A 2023 report on the global gaming market from industry specialist Newzoo predicted that video games would begin to include more AI-generated voices, similar to the voice acting in Squanch Games’ “High on Life.” Game developers, the Amsterdam-based firm said, will use AI to produce unique voices, bypassing the need to seek out voice actors.
“Voice actors may see fewer opportunities in the future, especially as game developers use AI to reduce costs and development time,” the report said, noting that “big AAA prestige games like ‘The Last of Us’ and ‘God of War’ use motion capture and voice acting in a similar way to Hollywood.”
Other games, like “Cyberpunk 2077,” cast celebrities.
Actor Ben Prendergast said the data points collected for motion capture don’t capture the “essence” of someone’s performance as an actor. The same is true, he said, of AI-generated voices that can’t offer the nuanced choices that go into big scenes, or smaller, more strenuous endeavors like screaming for 20 seconds to portray a character’s death by fire.
“The big problem is that someone, somewhere, has this massive data, and now I have no control over it,” said Prendergast, who voices Fuse in the “Apex Legends” game. “Nefarious or not, someone can collect that data now and say, we need a character who is nine feet tall, sounds like Ben Prendergast and can fight in this battle scene. And I have no idea that that’s going to happen until the game comes out.”

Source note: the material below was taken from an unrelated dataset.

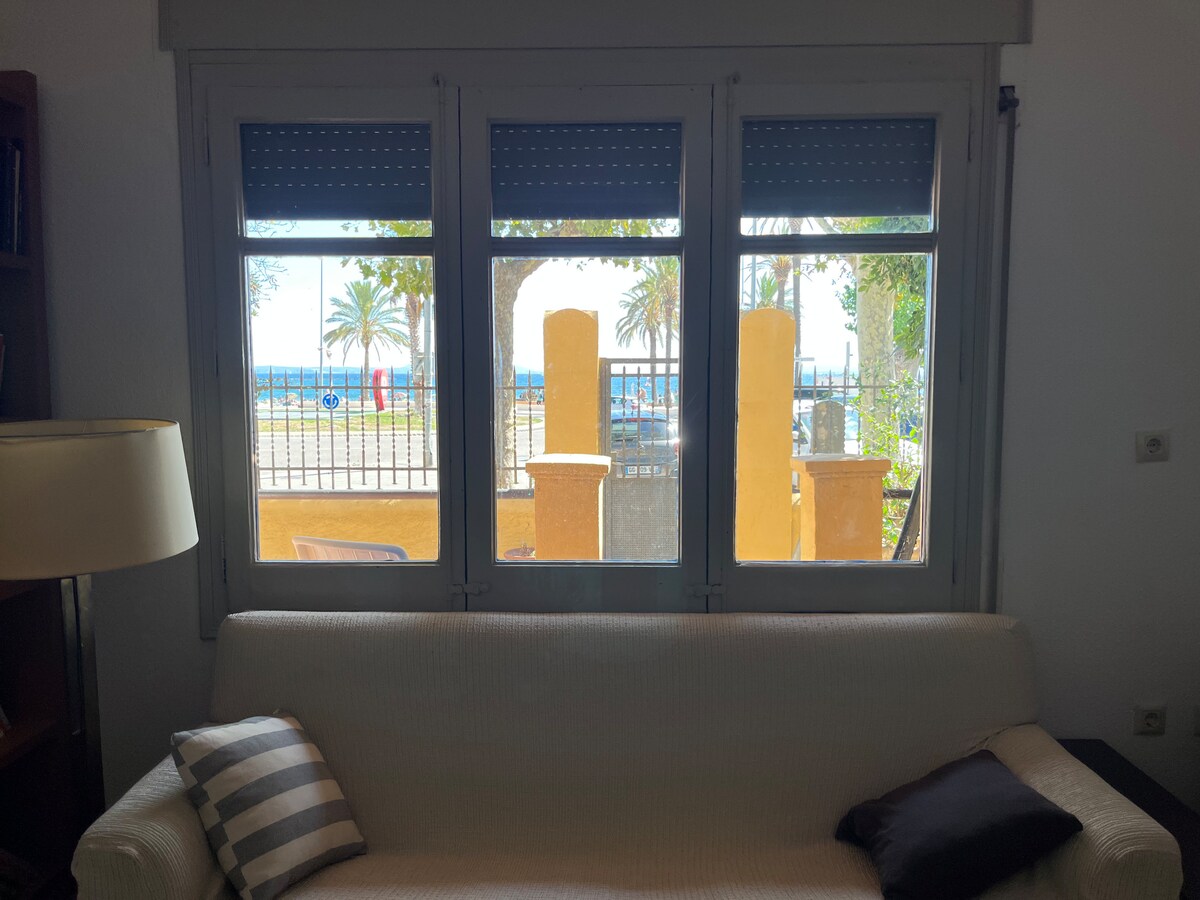 Top Airbnb: Charming house overlooking the sea en Roses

Studios could “get away with it,” he said, unless SAG-AFTRA can secure the AI protections they are fighting for.
“It reminds me a lot of sampling in the 80s, 90s and 2000s, where there were a lot of people who were into sampling classic songs,” he said. “This is an art. If you don’t protect the rights to their image, or their voice or their body and the way they walk now, then you can’t really protect human beings from other endeavors.”